За год до его смерти (он болел астмой), лет в шестнадцать, я жил у Летчика на Горьком. Завез меня на колодец отец, он первое лето работал на техпомощи-летучке. Это был старый «ЗИС» с фанерной будкой вместо кузова; в ней даже станок стоял, детали точить, в ней же склад запчастей и газовые баллоны для автогена. Отец оставил меня на Горьком, прослышав в пути о бруцеллезе в отаре у чабана, к которому он ехал устанавливать водный насос.
Внутри было застелено кошмами, в одном углу — горкой старые стеганые одеяла и подушки с пестрыми ситцевыми наволочками, в другом светится желтой шкалой, потрескивает и поет комаром деревянный ящик, приемник «Родина»; выпускали тогда приемники на аккумуляторах для села. В нишах — посуда, набитые мешочки с крупами подвешены к матице.
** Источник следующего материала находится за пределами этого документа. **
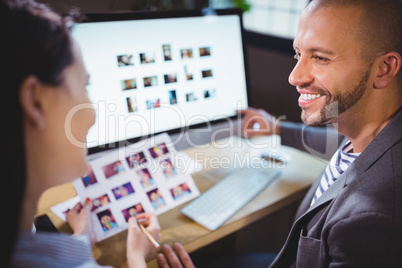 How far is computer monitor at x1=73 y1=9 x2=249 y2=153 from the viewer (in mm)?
882

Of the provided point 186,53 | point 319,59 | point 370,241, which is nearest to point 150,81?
point 186,53

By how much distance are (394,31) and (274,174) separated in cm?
61

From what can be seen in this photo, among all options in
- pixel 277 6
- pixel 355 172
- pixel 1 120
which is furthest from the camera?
pixel 277 6

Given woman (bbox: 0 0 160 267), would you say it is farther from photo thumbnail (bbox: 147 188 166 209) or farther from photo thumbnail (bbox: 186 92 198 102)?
photo thumbnail (bbox: 186 92 198 102)

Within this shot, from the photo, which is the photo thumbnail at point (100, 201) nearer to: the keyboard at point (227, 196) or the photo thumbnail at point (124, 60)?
the keyboard at point (227, 196)

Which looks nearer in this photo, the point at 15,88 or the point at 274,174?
the point at 15,88

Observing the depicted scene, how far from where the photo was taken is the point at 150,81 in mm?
961

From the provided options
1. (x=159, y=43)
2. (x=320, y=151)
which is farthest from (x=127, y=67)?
(x=320, y=151)

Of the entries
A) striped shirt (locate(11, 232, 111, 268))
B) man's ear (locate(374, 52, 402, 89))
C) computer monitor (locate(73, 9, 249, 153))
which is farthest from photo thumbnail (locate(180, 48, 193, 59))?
striped shirt (locate(11, 232, 111, 268))

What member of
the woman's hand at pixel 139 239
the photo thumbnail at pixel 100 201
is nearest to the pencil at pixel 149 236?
the woman's hand at pixel 139 239

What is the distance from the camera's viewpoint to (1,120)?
434 mm

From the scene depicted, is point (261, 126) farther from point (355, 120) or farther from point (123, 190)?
point (123, 190)

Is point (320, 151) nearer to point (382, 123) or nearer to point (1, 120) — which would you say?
point (382, 123)

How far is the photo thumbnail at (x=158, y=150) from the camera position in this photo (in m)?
0.98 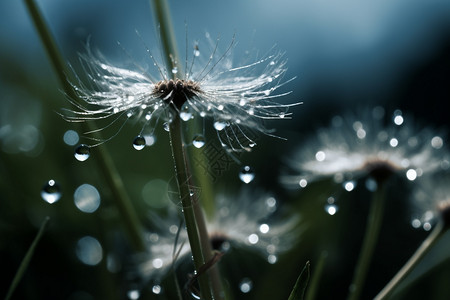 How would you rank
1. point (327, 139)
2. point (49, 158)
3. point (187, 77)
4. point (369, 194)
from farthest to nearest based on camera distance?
1. point (369, 194)
2. point (49, 158)
3. point (327, 139)
4. point (187, 77)

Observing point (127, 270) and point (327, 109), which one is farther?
point (327, 109)

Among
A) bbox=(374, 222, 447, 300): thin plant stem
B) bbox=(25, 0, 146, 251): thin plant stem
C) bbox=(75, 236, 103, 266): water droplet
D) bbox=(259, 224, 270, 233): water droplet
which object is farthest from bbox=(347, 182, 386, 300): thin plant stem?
bbox=(75, 236, 103, 266): water droplet

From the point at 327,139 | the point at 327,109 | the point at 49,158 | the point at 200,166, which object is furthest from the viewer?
the point at 327,109

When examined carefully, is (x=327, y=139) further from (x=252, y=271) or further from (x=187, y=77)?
(x=187, y=77)

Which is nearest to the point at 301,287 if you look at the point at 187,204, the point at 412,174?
the point at 187,204

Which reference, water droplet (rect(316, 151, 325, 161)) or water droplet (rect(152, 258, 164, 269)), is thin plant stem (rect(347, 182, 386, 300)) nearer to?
water droplet (rect(316, 151, 325, 161))

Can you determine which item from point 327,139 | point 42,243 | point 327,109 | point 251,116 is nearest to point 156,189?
point 42,243

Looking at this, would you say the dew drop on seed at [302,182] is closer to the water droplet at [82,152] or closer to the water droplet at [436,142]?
the water droplet at [436,142] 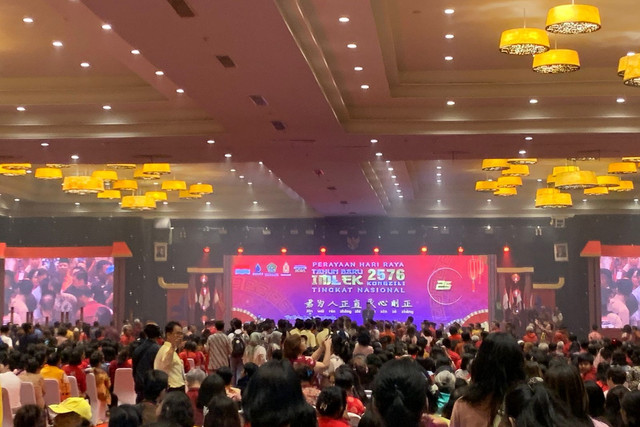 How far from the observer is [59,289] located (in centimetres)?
2906

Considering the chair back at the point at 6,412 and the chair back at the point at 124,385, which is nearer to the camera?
the chair back at the point at 6,412

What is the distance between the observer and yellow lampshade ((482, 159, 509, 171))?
1861 centimetres

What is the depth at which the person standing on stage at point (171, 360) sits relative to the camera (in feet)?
33.1

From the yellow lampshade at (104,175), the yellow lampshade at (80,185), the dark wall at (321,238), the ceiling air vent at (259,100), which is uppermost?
the ceiling air vent at (259,100)

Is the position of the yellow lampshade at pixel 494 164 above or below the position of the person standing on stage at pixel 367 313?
above

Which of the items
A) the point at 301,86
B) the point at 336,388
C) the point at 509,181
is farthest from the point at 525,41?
the point at 509,181

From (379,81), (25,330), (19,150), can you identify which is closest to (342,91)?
(379,81)

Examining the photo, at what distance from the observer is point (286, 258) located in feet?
97.5

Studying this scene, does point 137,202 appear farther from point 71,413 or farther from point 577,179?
point 71,413

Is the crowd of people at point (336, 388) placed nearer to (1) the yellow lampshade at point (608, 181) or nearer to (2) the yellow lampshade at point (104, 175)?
(2) the yellow lampshade at point (104, 175)

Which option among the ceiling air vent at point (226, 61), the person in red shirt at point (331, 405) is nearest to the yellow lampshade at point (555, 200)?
the ceiling air vent at point (226, 61)

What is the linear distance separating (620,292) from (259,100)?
19.0 m

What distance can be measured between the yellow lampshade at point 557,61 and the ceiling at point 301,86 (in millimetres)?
666

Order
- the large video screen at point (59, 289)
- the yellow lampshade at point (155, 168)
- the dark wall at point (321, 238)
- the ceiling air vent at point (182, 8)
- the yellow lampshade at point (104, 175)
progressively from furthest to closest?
1. the dark wall at point (321, 238)
2. the large video screen at point (59, 289)
3. the yellow lampshade at point (104, 175)
4. the yellow lampshade at point (155, 168)
5. the ceiling air vent at point (182, 8) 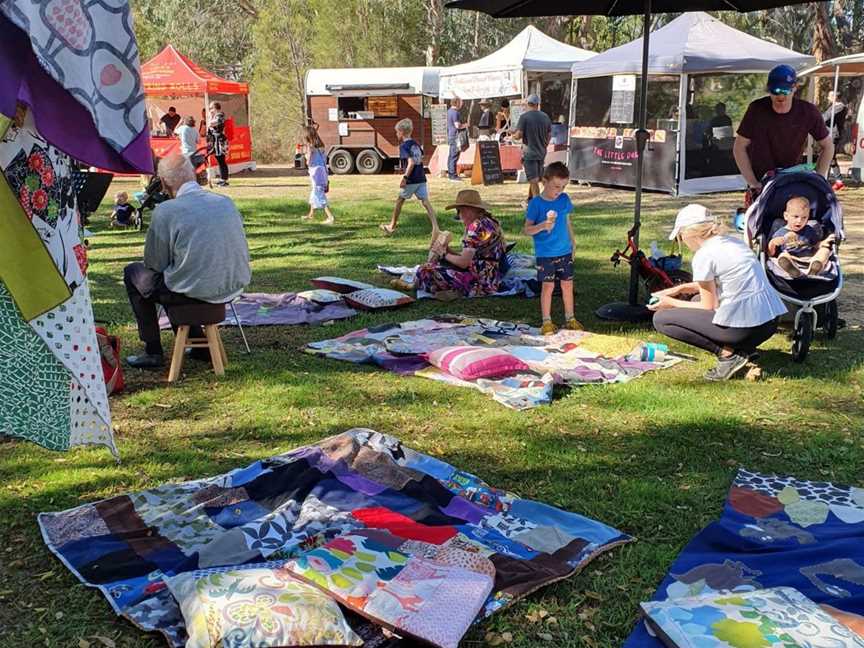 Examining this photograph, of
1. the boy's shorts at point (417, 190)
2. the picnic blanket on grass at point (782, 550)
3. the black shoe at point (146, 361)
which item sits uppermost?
the boy's shorts at point (417, 190)

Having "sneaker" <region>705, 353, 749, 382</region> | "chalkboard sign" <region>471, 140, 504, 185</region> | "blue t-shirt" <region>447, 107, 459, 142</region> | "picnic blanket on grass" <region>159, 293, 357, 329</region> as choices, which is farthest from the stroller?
"blue t-shirt" <region>447, 107, 459, 142</region>

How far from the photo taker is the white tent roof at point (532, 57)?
776 inches

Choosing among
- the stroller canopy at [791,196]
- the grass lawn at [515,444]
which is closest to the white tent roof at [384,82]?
the grass lawn at [515,444]

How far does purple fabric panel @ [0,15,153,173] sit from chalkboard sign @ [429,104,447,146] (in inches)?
806

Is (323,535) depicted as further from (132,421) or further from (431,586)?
(132,421)

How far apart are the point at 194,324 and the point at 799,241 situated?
4.27m

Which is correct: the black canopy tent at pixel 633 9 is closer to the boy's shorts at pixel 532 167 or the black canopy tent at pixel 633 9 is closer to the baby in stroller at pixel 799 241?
the baby in stroller at pixel 799 241

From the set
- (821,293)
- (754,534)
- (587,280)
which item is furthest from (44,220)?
(587,280)

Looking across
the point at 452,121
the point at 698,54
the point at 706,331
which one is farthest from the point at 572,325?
the point at 452,121

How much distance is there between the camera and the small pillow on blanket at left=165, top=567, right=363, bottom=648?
109 inches

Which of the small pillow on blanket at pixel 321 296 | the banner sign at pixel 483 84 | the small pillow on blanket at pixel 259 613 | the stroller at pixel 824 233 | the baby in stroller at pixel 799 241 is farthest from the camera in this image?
the banner sign at pixel 483 84

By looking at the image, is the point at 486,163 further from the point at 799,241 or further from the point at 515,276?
the point at 799,241

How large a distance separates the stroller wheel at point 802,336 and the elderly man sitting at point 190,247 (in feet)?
12.2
Летчик выключил приемник, показал, — дескать, отдыхай. Я сел спиной к стене, Летчик полил мне над тазом, подал полотенце, а затем подал стакан с чаем и вышел. Я понял, почему он оставил меня, когда вышел следом: он услышал машину. Далеко в степи катил клубочек; он исчезал в провалах оврагов, выкатывался, повисал на увалах и вновь исчезал, огибая выпиравшие из недр углы гранитов. Степь играла машиной, как камешком, но та упорно правила на колодец. Когда донеслось легонькое, пчелиное жужжание, я осознал, что прежде машины не было слышно, и подивился чутью Летчика.
Между тем клубочек на склоне ближнего увала вырос в пыльный ком, я увидел, что в глубине его два цементовоза. Они шли, как спаренные.
Цементовозы налетели с гулом, волоча свои огромные, как дирижабли, сигары. Разом стали, качнувшись и осев, обдали нас духом горячего железа. Разом же выскочили шоферы, оба черные, худые, в черных, до колен сатиновых трусах. Пожали мне руку:
— Здоров! На Горький колодец метили — попали?
Один остался со мной, говоря:
— Идем на Мангышлак! Тут у вас как на улице, а на Устюрте стал — хана, никто не найдет. Только парой ходим. А ты чего тут, сынок?